As soon as the ship’s stern came out of the water, the slaves at the capstan paused. Sailors and marines began leaving the Dikaiosyne, lightening her so the haulers would have an easier time. Easier, though, was a relative term; Sostratos wouldn’t have cared to bend his back and push against one of the great bars of the capstan.

He and Menedemos waved to the trihemiolia’s crew. “Hail, best ones!” Menedemos called. “How was the hunting?”

“Good,” answered a sailor who wore only a loincloth. He laughed. “As we were heading away from Rhodes, we scared the piss out of one of our own merchant galleys coming home. She looked like a pirate till we got up close. We were all set to sink her and let her crew try and swim back to Rhodes, but they had the right answers, so we let ‘em go.” He spoke with a certain rough regret.

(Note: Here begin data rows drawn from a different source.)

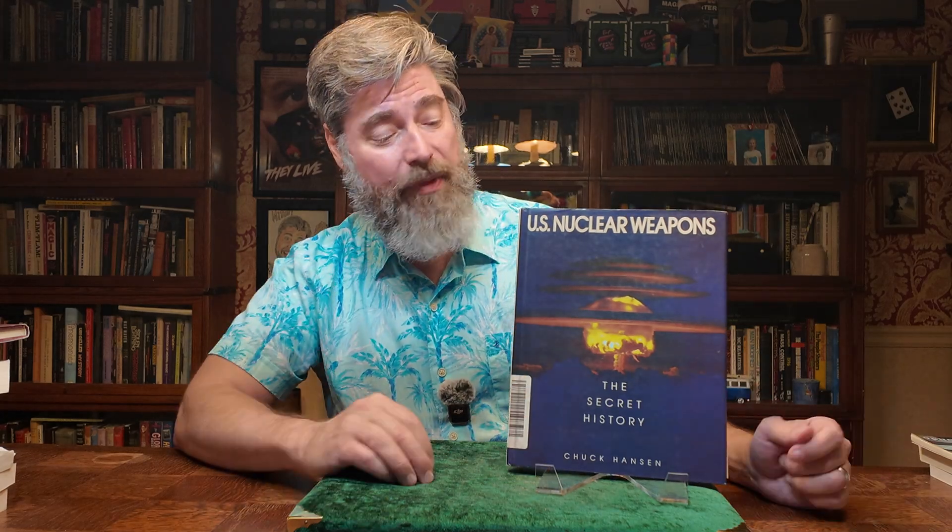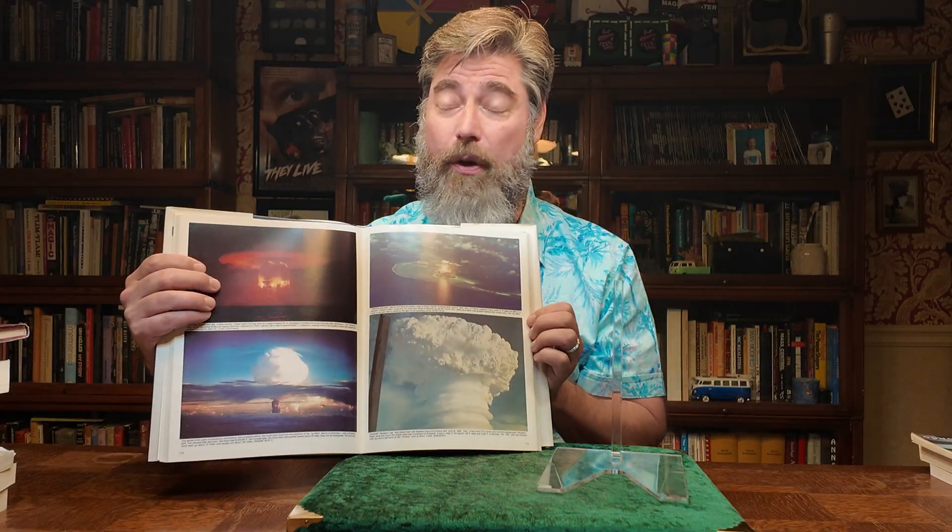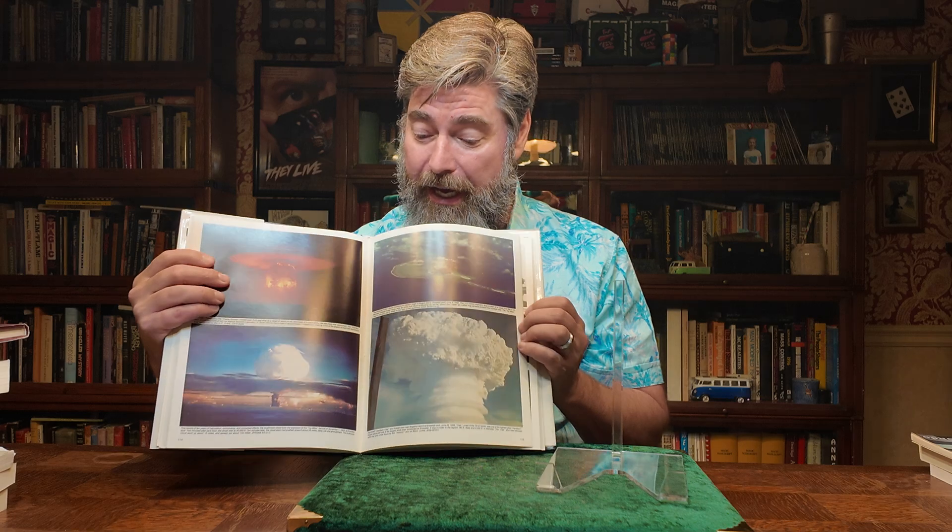It's time for another book review, and this time we have U.S. Nuclear Weapons by Chuck Hansen. This was originally published in 1988. Fascinating book — the subject matter is pretty straightforward. A lot of good behind-the-scenes photos of the U.S. nuclear program, pictures of different nuclear shots, and lots of fascinating information about the U.S. nuclear arsenal up to the year 1988.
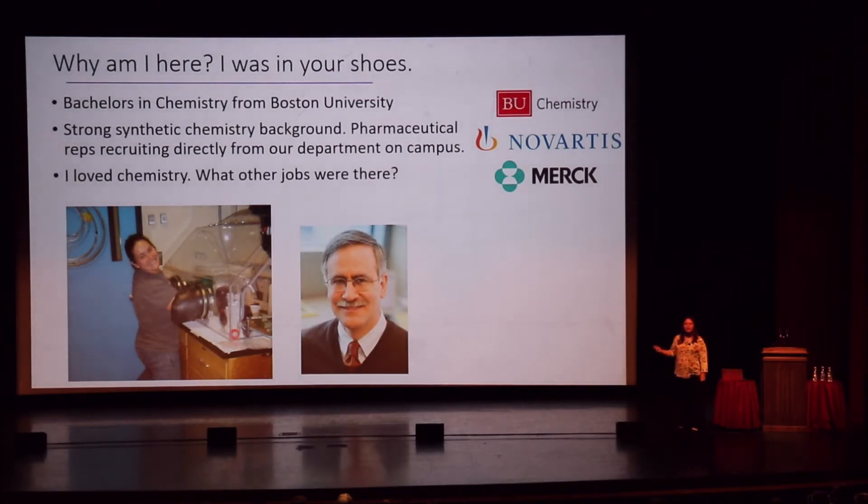Where I struggled was understanding the range of jobs out there for people with chemistry skills. Novartis, Merck, and all these big companies came and offered me crazy jobs, and I didn't think I wanted them. So I had a conversation with my advisor, John Caradonna, and he said, 'Ten years ago I had a student who decided to pursue chemical oceanography. Have you heard of that?' And I was like, nope. I'm from Miami, Florida. I like the ocean, but I don't know what oceanography is. So I took a class, and that conversation changed my life.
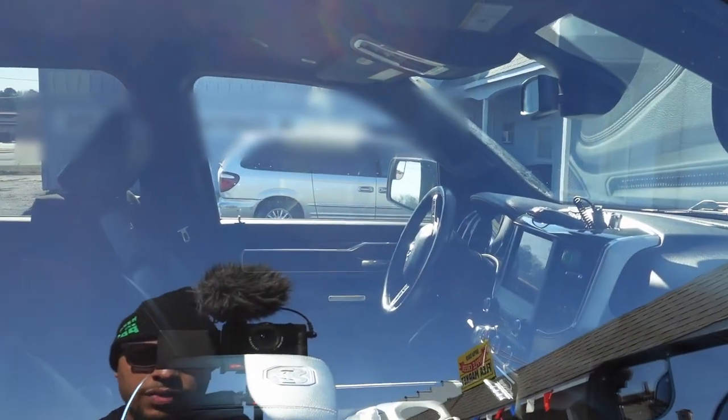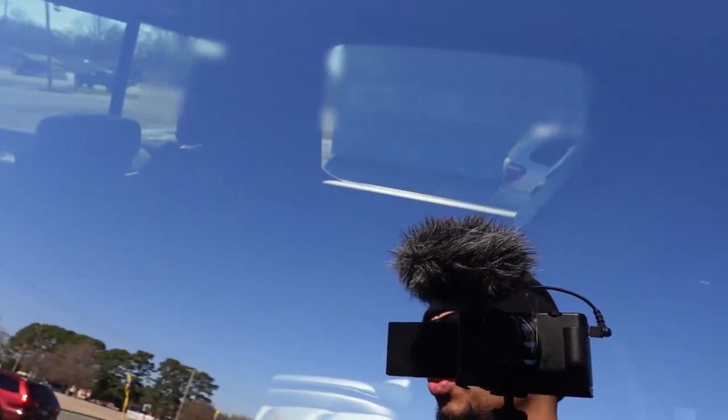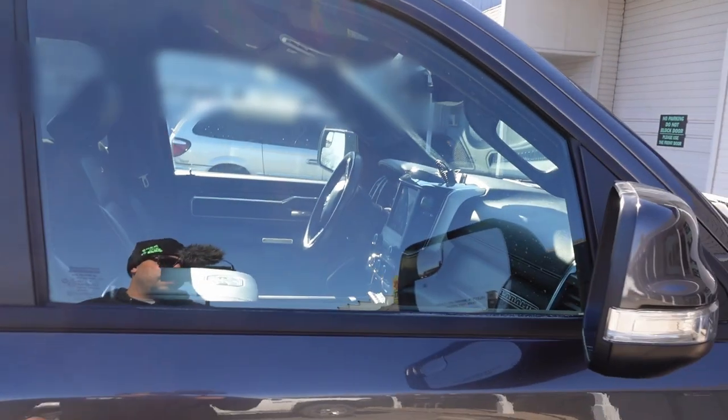In northern states they're more ticket-hungry about tint than in southern states. I've actually been seeing a lot more people with their windshields tinted in Arkansas lately. Anyway, let's go in and let them know we're here — we're early. Just talked to the gentleman: they're doing 5% all around and then the 5% brow. Shouldn't take too long — these guys normally have me in and out within an hour.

Sostratos could laugh about it, too-now. He bowed to the sailor. “At your service, sir. We’re the toikharkhos and captain from the Aphrodite .

“Is that so?” The fellow laughed some more as he returned the bow. “Well, I bet you’re glad we did stop and ask questions, then.”

“Oh, you might say so,” Menedemos allowed. “Yes, you just might say so. How did things go once you got to the Lykian coast?”

“Pretty well,” the sailor from the Dikaiosyne replied. “She’s fast as a galloping horse, the Justice is. We went after one hemiolia that couldn’t have been anything but a pirate. Most of the time, those bastards’ll show their heels to anything, even a trireme. But we didn’t just keep up-we gained on her. Finally, the fellow in charge beached her. The pirates aboard her ran for the woods and got away, but we sent men ashore and burned the ship.”